Write a program to find the node at which the intersection of two singly linked lists begins.
For example, the following two linked lists:

A:          a1 → a2
                   ↘
                     c1 → c2 → c3
                   ↗            
B:     b1 → b2 → b3

begin to intersect at node c1.

Notes:

• If the two linked lists have no intersection at all, return null.
• The linked lists must retain their original structure after the function returns.
• You may assume there are no cycles anywhere in the entire linked structure.
• Your code should preferably run in O(n) time and use only O(1) memory.

For this problem, it is common to think of tuning the two list till they have equal length, and then starts to find the intersection part (as solution 1).

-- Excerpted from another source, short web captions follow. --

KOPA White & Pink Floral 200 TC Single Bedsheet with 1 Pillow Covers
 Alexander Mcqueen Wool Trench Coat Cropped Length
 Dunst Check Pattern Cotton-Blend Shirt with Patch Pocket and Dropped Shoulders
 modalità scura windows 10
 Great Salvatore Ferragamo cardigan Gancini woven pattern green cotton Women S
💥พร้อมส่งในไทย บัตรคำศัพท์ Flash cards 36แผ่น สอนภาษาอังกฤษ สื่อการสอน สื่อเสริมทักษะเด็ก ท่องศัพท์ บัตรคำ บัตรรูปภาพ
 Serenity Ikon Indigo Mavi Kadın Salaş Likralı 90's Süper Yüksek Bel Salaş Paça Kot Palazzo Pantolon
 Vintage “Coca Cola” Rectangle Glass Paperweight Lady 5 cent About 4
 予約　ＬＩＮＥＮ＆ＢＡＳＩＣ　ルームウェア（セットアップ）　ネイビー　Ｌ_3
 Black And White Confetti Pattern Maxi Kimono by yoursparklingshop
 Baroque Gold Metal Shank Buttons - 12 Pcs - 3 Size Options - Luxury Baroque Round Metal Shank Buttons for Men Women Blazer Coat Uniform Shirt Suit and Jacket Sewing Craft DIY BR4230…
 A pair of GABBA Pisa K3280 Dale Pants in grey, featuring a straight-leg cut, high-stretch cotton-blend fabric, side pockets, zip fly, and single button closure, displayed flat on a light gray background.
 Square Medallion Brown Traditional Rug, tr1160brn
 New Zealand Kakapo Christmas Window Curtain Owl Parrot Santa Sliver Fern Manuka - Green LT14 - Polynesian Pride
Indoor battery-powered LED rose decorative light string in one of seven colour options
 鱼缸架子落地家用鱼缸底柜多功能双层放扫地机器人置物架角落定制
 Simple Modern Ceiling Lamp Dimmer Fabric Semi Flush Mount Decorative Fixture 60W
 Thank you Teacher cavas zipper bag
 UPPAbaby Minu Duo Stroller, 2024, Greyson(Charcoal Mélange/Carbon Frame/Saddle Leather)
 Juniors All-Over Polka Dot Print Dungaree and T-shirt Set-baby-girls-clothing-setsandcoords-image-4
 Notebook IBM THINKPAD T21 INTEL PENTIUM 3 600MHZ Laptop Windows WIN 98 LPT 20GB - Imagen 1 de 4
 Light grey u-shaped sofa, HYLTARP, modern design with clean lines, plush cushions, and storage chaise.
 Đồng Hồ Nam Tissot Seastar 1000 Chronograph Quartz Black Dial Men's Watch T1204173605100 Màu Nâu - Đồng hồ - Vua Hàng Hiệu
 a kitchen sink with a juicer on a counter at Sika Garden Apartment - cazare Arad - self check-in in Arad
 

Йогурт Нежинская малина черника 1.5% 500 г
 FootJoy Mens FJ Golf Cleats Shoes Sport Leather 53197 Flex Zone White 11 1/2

But a more clever idea is to loop thru both linked lists and switch the head of pointer if one reaches the end first.
Set the intersection part len=c, list A len= a+c, list B len=b+c
Since that (a+c)+(b+c) = (b+c)+(a+c),
The 2 lists will finally meet at the intersection part;
if there is no intersection, the 2 list will meet at Null, the end of lists. (c=0)

Solution 1

/**
 * Definition for singly-linked list.
 * public class ListNode {
 *     int val;
 *     ListNode next;
 *     ListNode(int x) {
 *         val = x;
 *         next = null;
 *     }
 * }
 */

public class Solution {
    public ListNode getIntersectionNode(ListNode headA, ListNode headB) {
        ListNode pa=headA, pb=headB;
        int la=0,lb=0;

        while(pa!=null){
            la++;
            pa=pa.next;
        }
        while(pb!=null){
            lb++;
            pb=pb.next;
        }
        // compute the length of A and B

        pa=headA;
        pb=headB;

        if(la>lb){
            while(la!=lb){
                pa=pa.next;
                la--;
            }
        }else{
             while(la!=lb){
                pb=pb.next;
                lb--;
            }
        }
        // tune the length and then loop for common mnodes

        while(pa!=null&&pb!=null){
            if(pa==pb) return pa;
            // check if 2 nodes are the same (not just val?)
            pa=pa.next;
            pb=pb.next;
        }
        return null;
    }
}

Solution 2

Source

public ListNode getIntersectionNode(ListNode headA, ListNode headB) {
    //boundary check
    if(headA == null || headB == null) return null;

    ListNode a = headA;
    ListNode b = headB;

    //if a & b have different len, then we will stop the loop after second iteration
    while( a != b){
        //for the end of first iteration, we just reset the pointer to the head of another linkedlist
        a = a == null? headB : a.next;
        b = b == null? headA : b.next;    
    }

    return a;
}